Dataset excerpts »
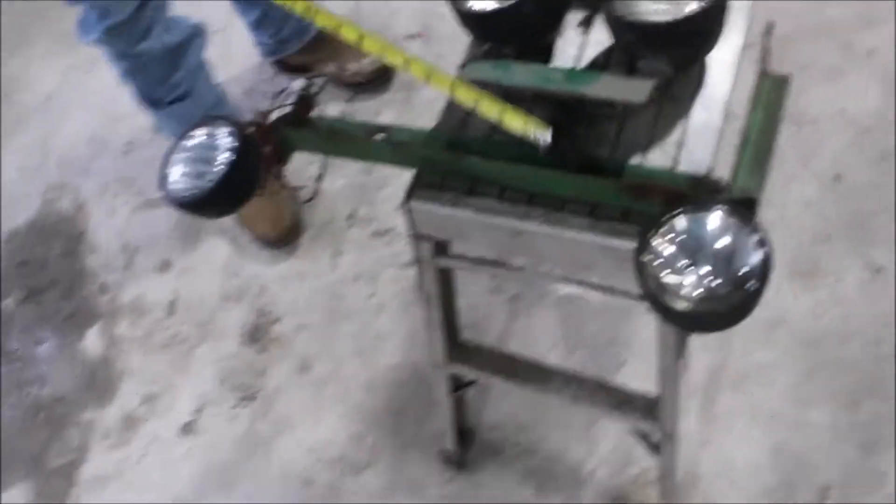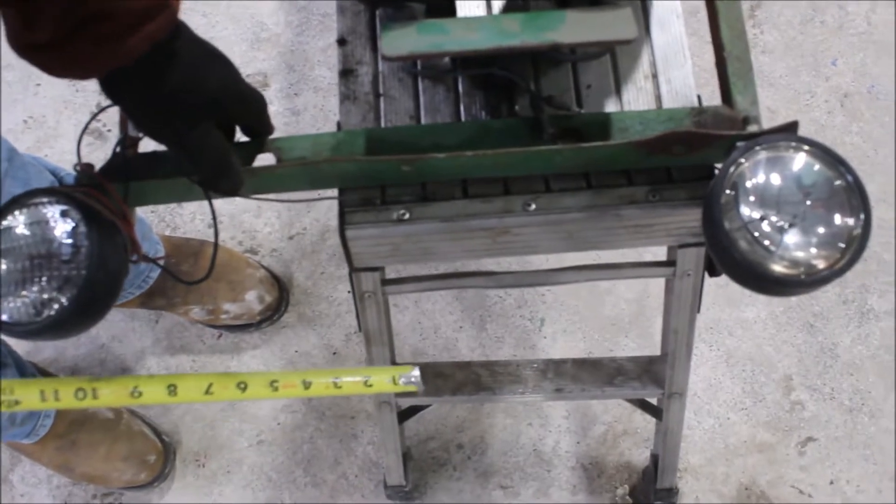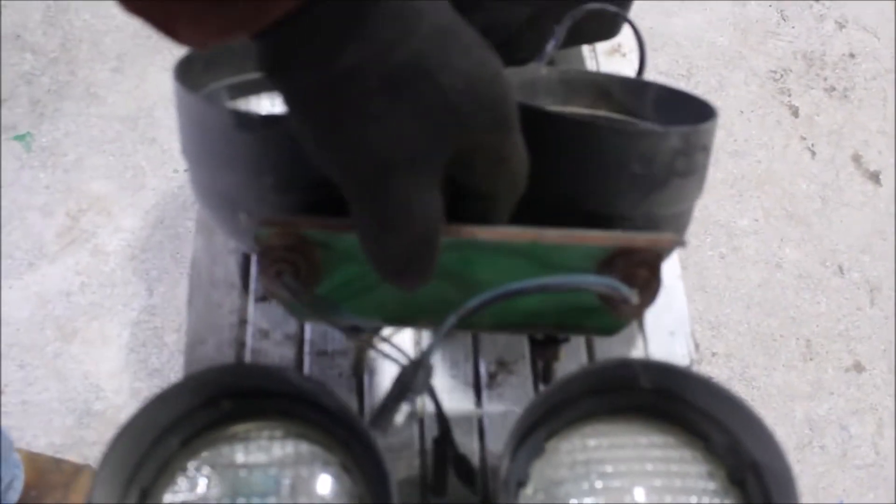Here we have approximately 12 lights. These are mounted on an angle arm. These two here are mounted — they're mates to them. Go on fenders or what.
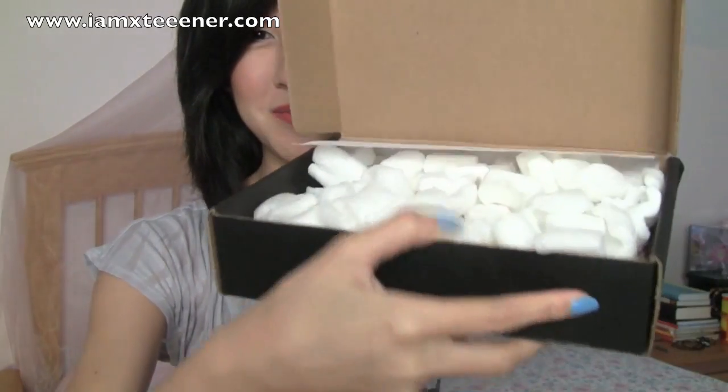I got one of these razor knife thingies, whatever you call them. Oh, that was easy. And it has popcorn in it — not actual popcorn, but you know, like the shipping popcorn.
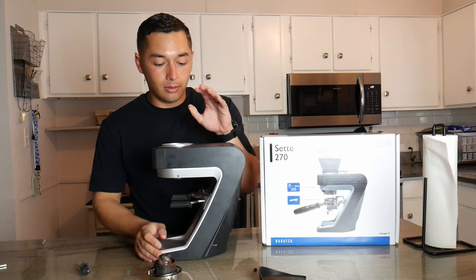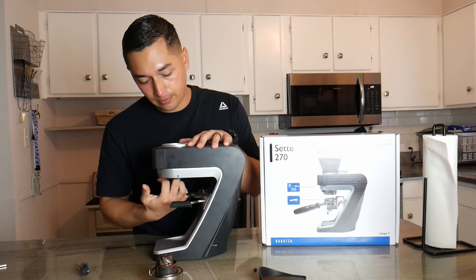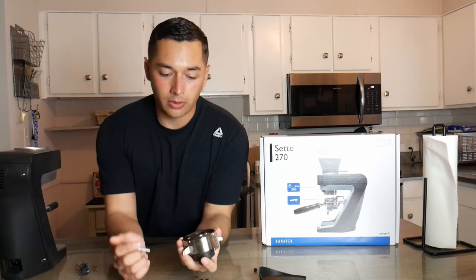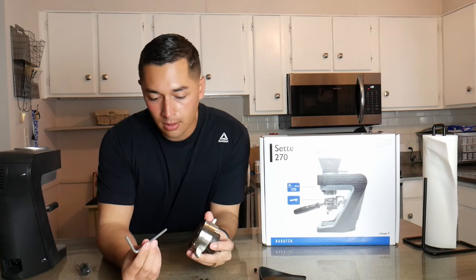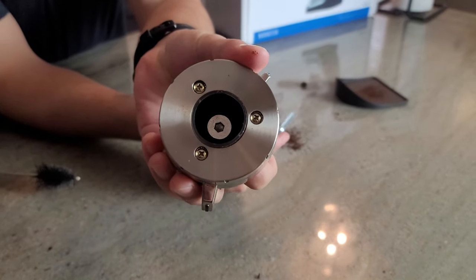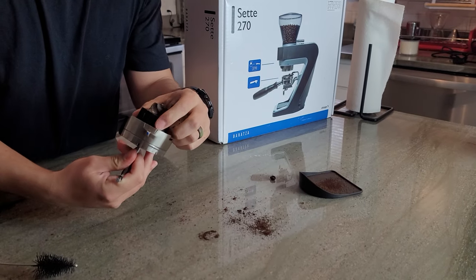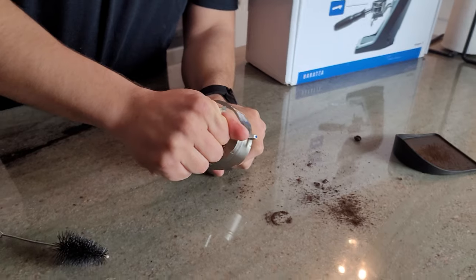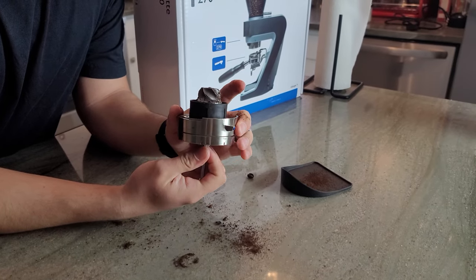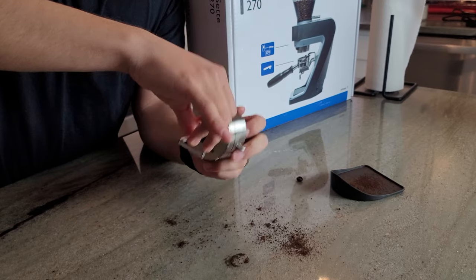The Baratza 270 is pretty easy to clean — everything just comes straight through. You have the burrs and then you have what the burrs grind up against in there, so everything is pretty simple. Now we get to the point where we need the Allen key. This Allen key is going to go at the bottom of your burr. I'm going to hold the black plastic piece right here as I try and get it out. You can roughly scrub it while it's attached, but I like to make sure I'm really getting in there and giving it the service that it needs.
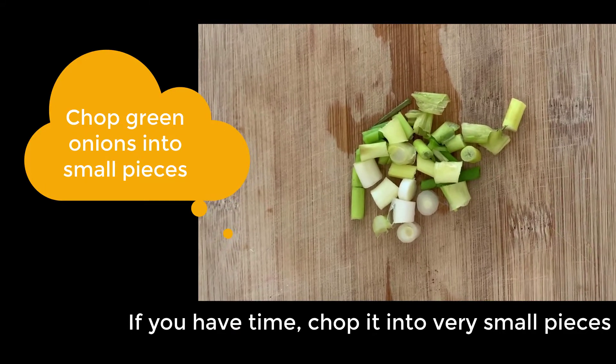Chop the green onions into smaller pieces — the smaller the better. Then mix everything together.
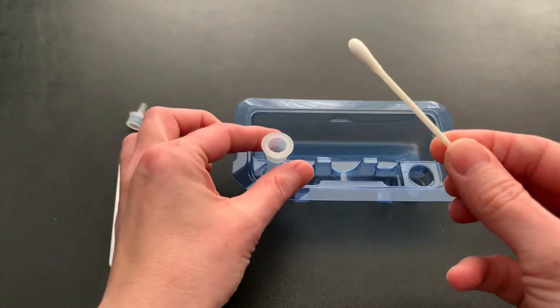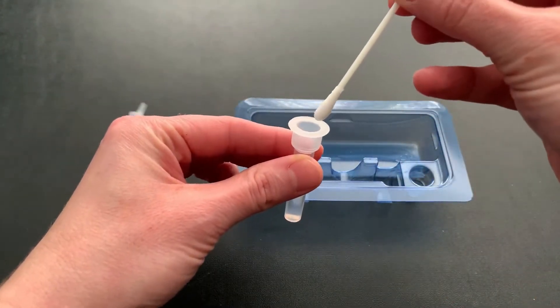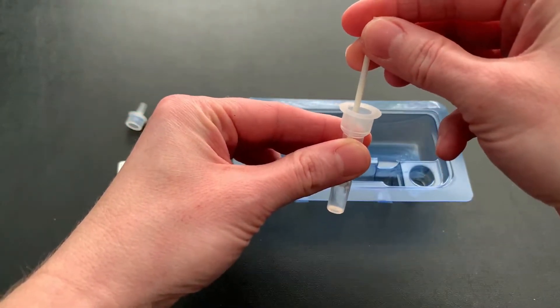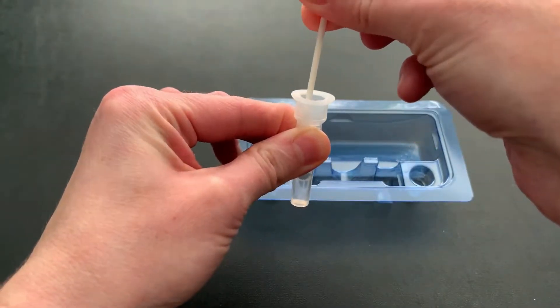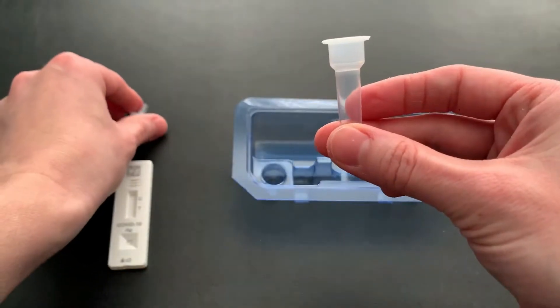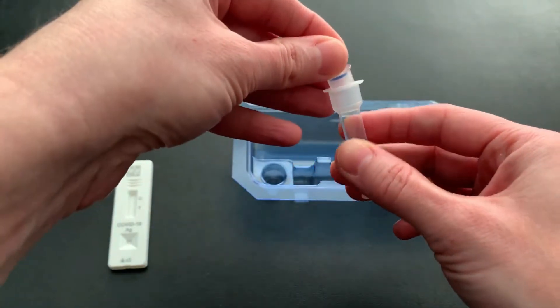Take the swab out and go ahead and place it into the extraction vial. Then rotate it at least five times around. When you're all done, remove the swab by rotating it against the extraction vial while squeezing the sides to make sure you release all of that liquid. Go ahead and close it up, take the cap, and push it firmly on there.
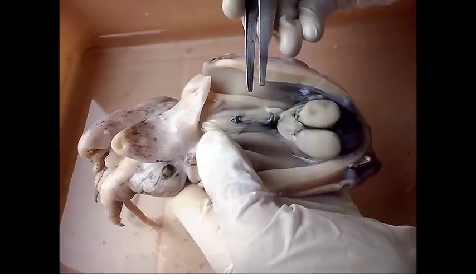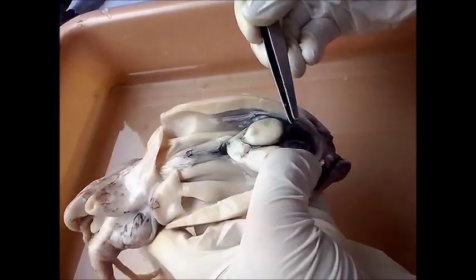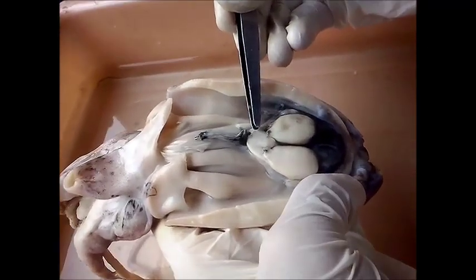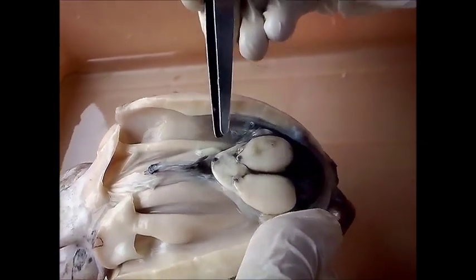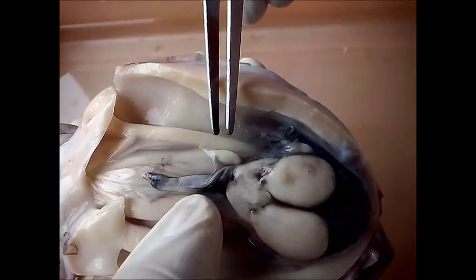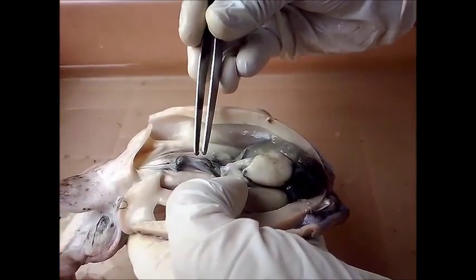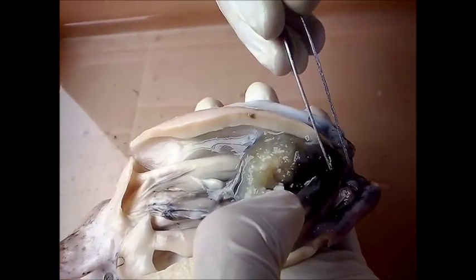After discarding the parts of the viscera that we do not need, this is what we see: a pair of nidomental glands, attached to which on top are the accessory nidomental glands. What is also seen is the oviduct and the female genital opening. In order to see the ovary which contains the eggs, we will have to remove the ink sac. We must be extremely careful while removing the membrane present in between the ink sac and the ovary, to avoid the rupturing of the ovary.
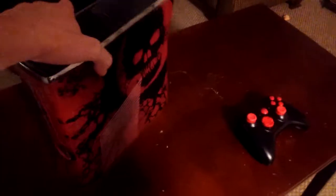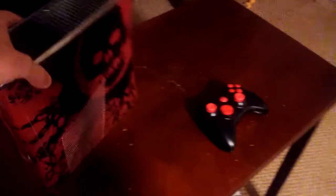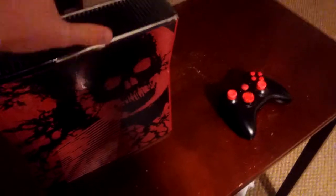Hey YouTube, it's HolyOne, and I went out and bought an Xbox 360 from a pawn shop. I saw it laying there — it was the Gears of War edition. I got it for $150, and it came with this controller.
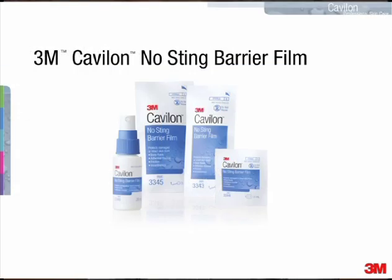Whenever you're using Kavalon No Sting Barrier Film, the first thing you want to do is cleanse the skin gently but thoroughly, and then pat it dry.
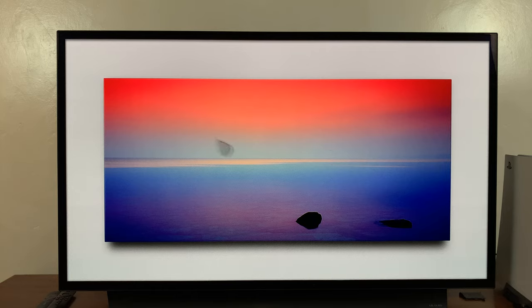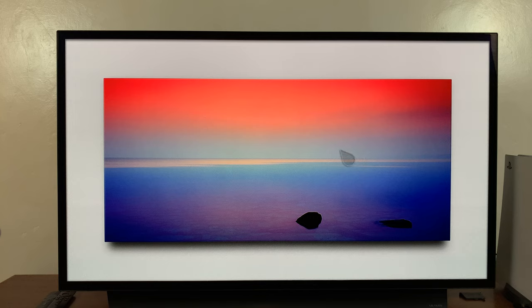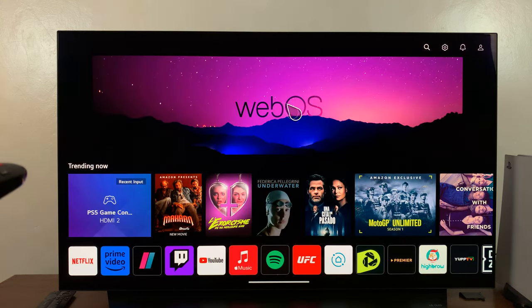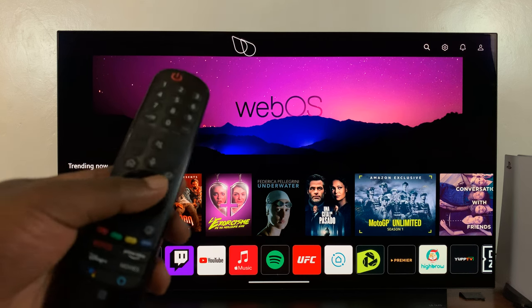If you have an LG smart TV with a magic remote that has a pointer, you can actually turn the pointer on and off depending on what you want to use. As you can see, the pointer is currently active. If you prefer to scroll with the direction buttons on the remote,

Task to carry out »
Copy exactly the part of the material above that opens with the line containing "I got one of" and closes with the line containing "Take the swab", ends included. Drop the images.

Expected output »
I got one of these razor knife thingies, whatever you call them. Oh, that was easy. And it has popcorn in it — not actual popcorn, but you know, like the shipping popcorn.
The Baratza 270 is pretty easy to clean — everything just comes straight through. You have the burrs and then you have what the burrs grind up against in there, so everything is pretty simple. Now we get to the point where we need the Allen key. This Allen key is going to go at the bottom of your burr. I'm going to hold the black plastic piece right here as I try and get it out. You can roughly scrub it while it's attached, but I like to make sure I'm really getting in there and giving it the service that it needs.
Chop the green onions into smaller pieces — the smaller the better. Then mix everything together.
Take the swab out and go ahead and place it into the extraction vial. Then rotate it at least five times around. When you're all done, remove the swab by rotating it against the extraction vial while squeezing the sides to make sure you release all of that liquid. Go ahead and close it up, take the cap, and push it firmly on there.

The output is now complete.